The country accounted for almost two-thirds of the region’s total inflows.

New initiatives such as the Johor-Singapore Special Economic Zone (JS-SEZ) are expected to support further cross-border investment and operational integration, according to UOB Global Economics & Markets Research.

Foreign direct investment (FDI) into Singapore reached a record high of $181.0b (US$143b) in 2024, rising 6% year-on-year (YoY) and reinforcing the city-state’s role as ASEAN’s primary investment destination.

The increase marks Singapore as the second largest recipient of FDI globally, just behind the United States, UOB said, citing the latest UNCTAD World Investment Report.

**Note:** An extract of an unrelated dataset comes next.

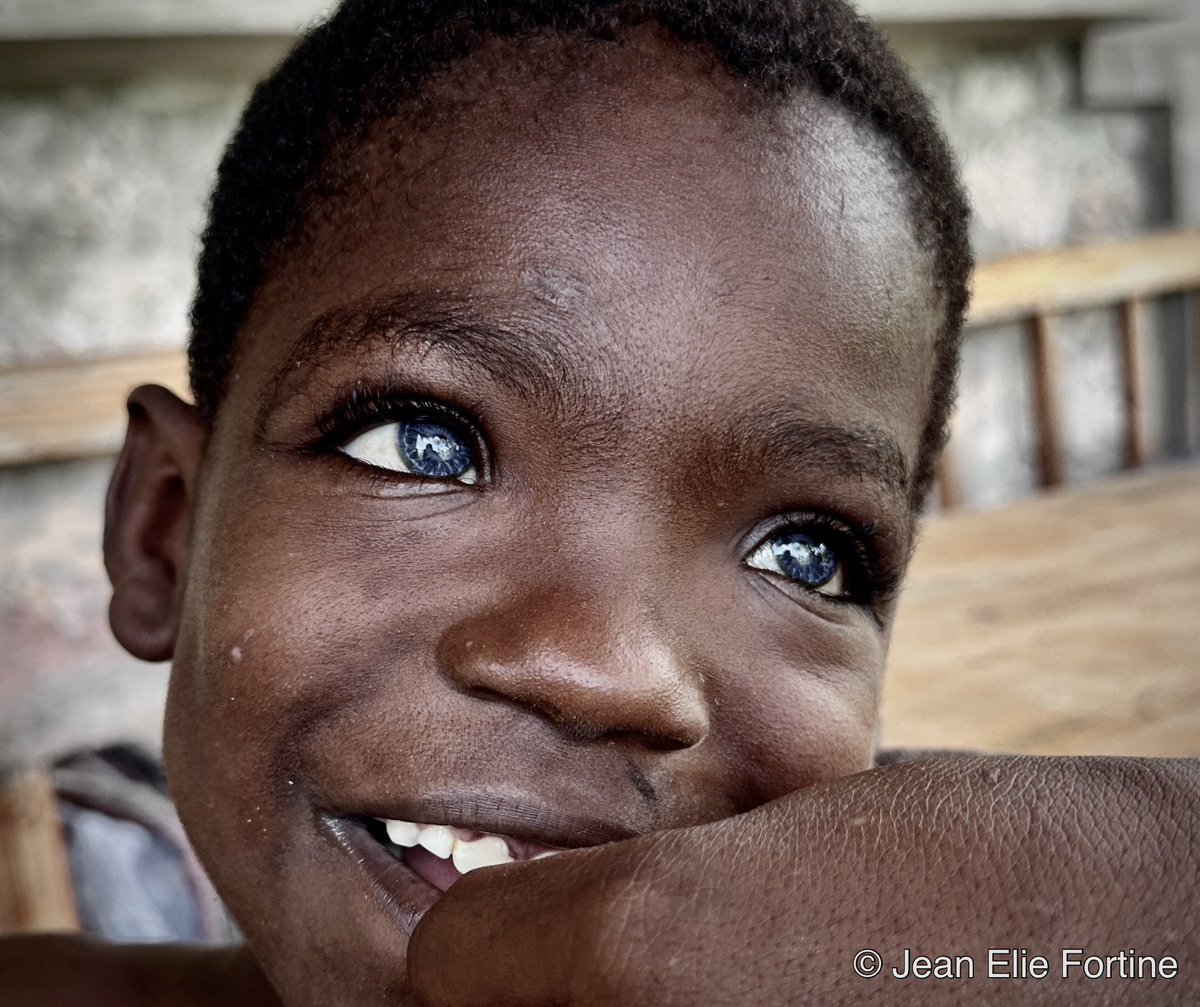 Diamant noir #dimantnanbidonvil <a href="/Makay_Hayti/">⧉•MAKAY_HAYTI•⧉🇭🇹</a>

The strong performance was attributed to Singapore’s position as a regional financial hub and preferred base for headquarters and treasury centres, backed by political stability, infrastructure, and clear policy direction.

FDI to the broader ASEAN bloc grew nearly 10% YoY to $284.8b (US$225b) in 2024, its second-highest level on record.

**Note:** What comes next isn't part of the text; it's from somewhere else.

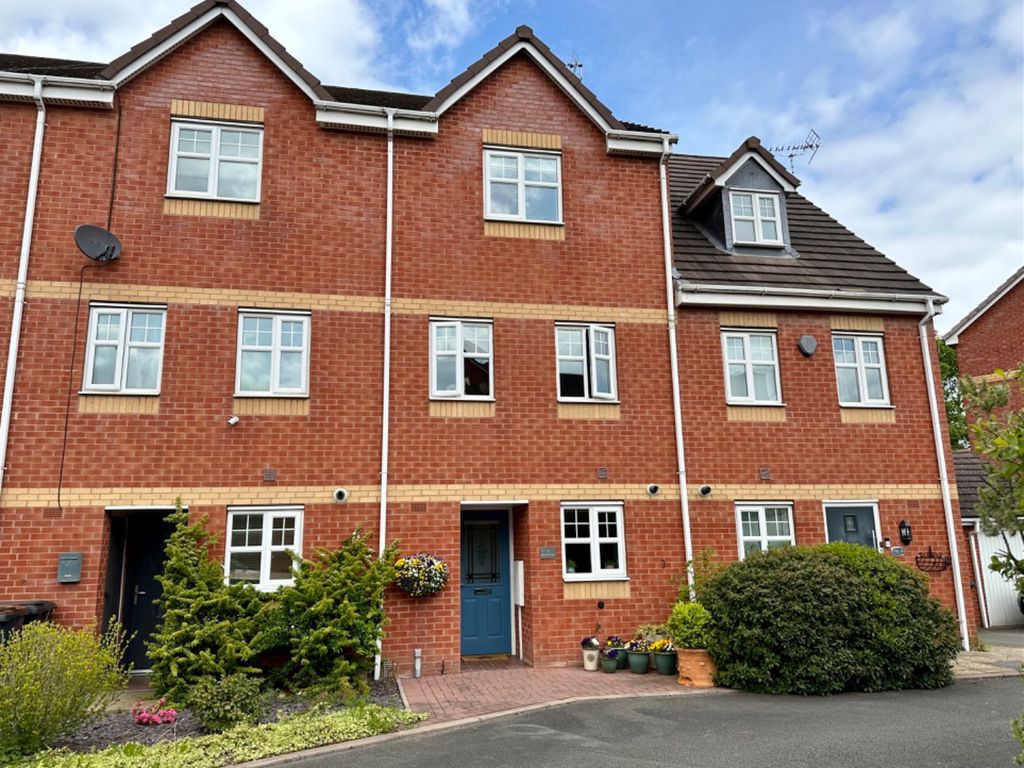 4 bed town house for sale in Mimosa Close, Bermuda Park, Nuneaton CV10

Singapore accounted for almost two-thirds of the region’s total inflows.

By contrast, global FDI rose just 3.7%, and when adjusted for financial conduit flows in Europe, global inflows actually declined 11%. This was the second straight year of double-digit contraction.

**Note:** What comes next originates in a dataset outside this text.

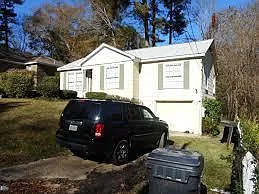 3 bed, 1300 sqft, $1,250 — Photo 1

Looking ahead, UOB maintains a positive outlook for ASEAN’s investment prospects, citing the region’s economic fundamentals and policy coordination. 

Whilst ASEAN’s average GDP growth may slow to around 4% in 2025, UOB expects a recovery to 5% in 2026 as the region continues to attract capital amidst global supply chain reconfigurations and trade realignments.

Singapore is expected to retain its leading role in this shift, driven by ongoing investor confidence and its connectivity across the region.